- **WHAT IS EXPECTED**: Every entry must be given again exactly. Include no pictures.

Captioned web images
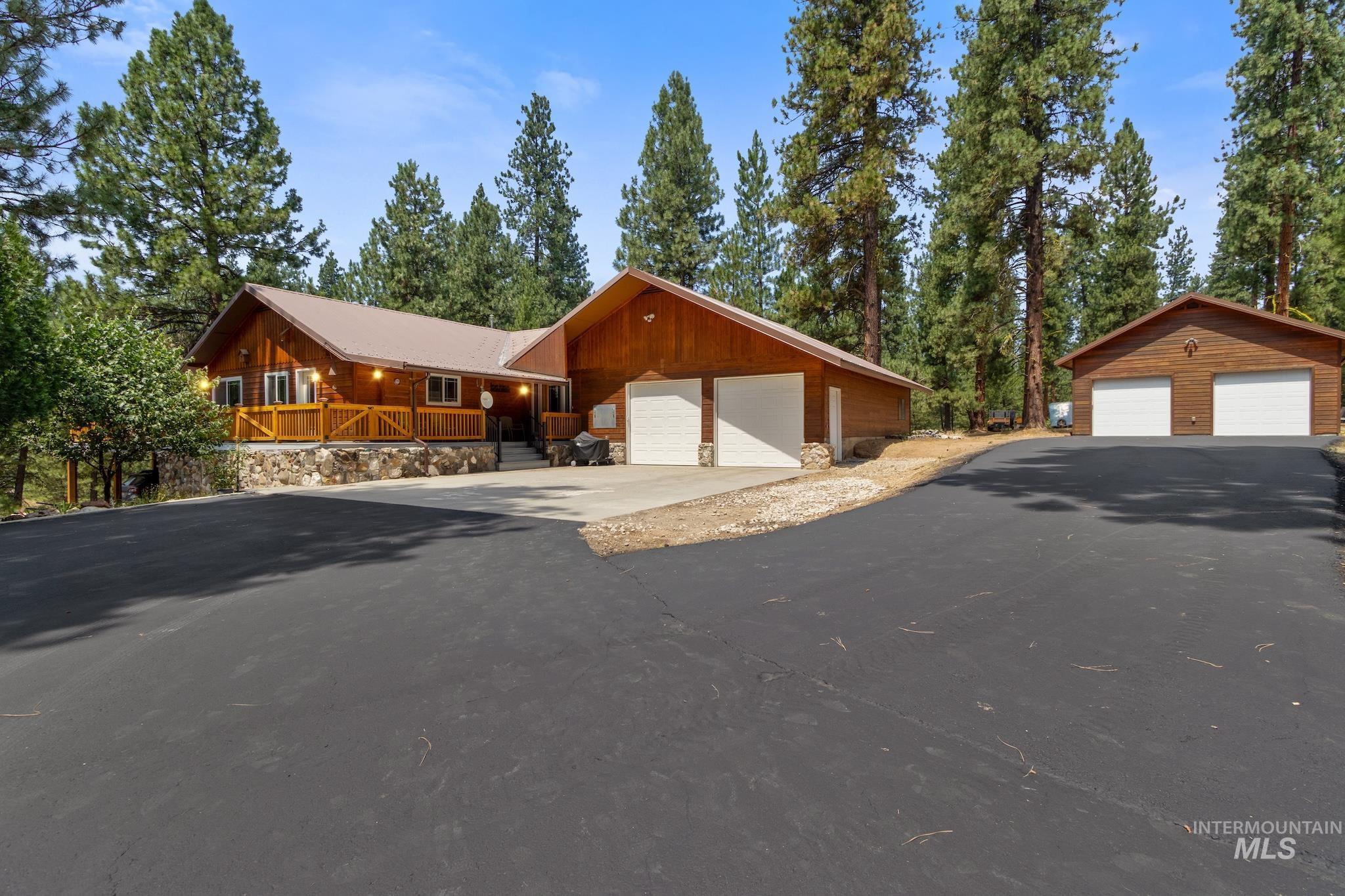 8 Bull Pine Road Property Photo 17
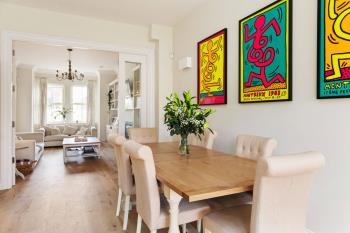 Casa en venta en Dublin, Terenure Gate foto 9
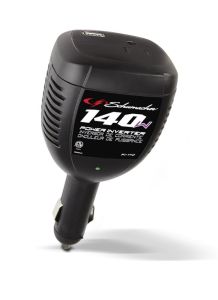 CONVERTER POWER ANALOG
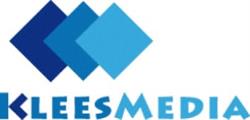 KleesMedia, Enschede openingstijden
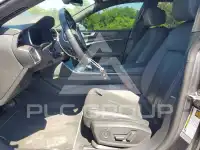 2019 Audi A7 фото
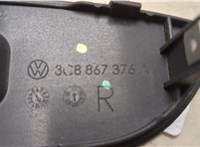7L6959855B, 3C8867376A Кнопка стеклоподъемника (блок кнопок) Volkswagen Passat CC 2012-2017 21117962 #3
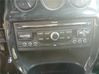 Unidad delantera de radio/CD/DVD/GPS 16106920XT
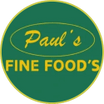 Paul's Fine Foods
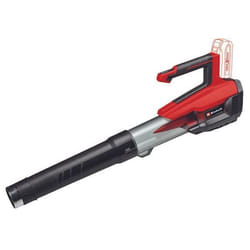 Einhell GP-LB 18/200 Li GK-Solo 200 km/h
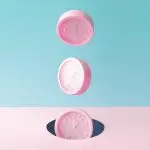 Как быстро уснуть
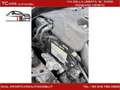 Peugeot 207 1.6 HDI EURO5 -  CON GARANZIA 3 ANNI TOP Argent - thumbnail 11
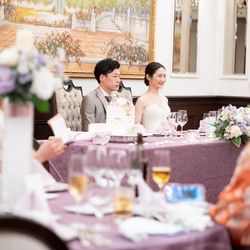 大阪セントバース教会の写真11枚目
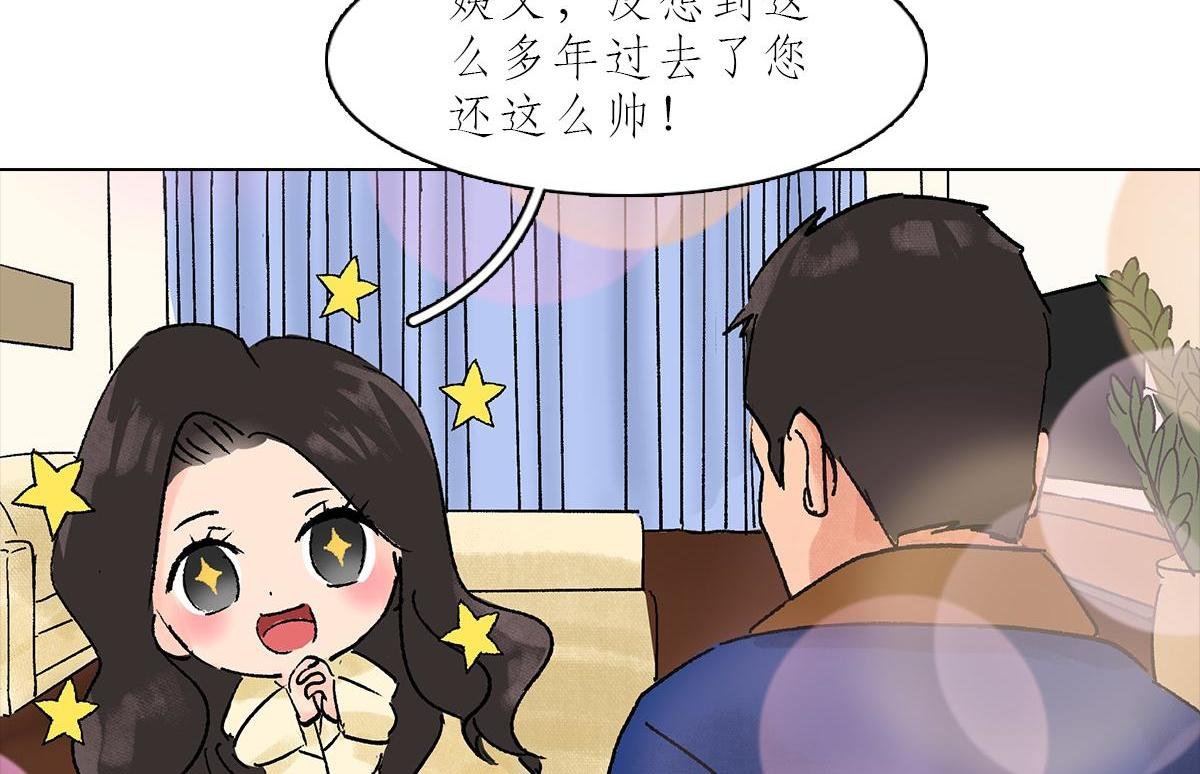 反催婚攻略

- **EXERCISE RESULT**:
 8 Bull Pine Road Property Photo 17
 Casa en venta en Dublin, Terenure Gate foto 9
 CONVERTER POWER ANALOG
 KleesMedia, Enschede openingstijden
 2019 Audi A7 фото
7L6959855B, 3C8867376A Кнопка стеклоподъемника (блок кнопок) Volkswagen Passat CC 2012-2017 21117962 #3
 Unidad delantera de radio/CD/DVD/GPS 16106920XT
 Paul's Fine Foods
 Einhell GP-LB 18/200 Li GK-Solo 200 km/h
 Как быстро уснуть
 Peugeot 207 1.6 HDI EURO5 -  CON GARANZIA 3 ANNI TOP Argent - thumbnail 11
 大阪セントバース教会の写真11枚目
 反催婚攻略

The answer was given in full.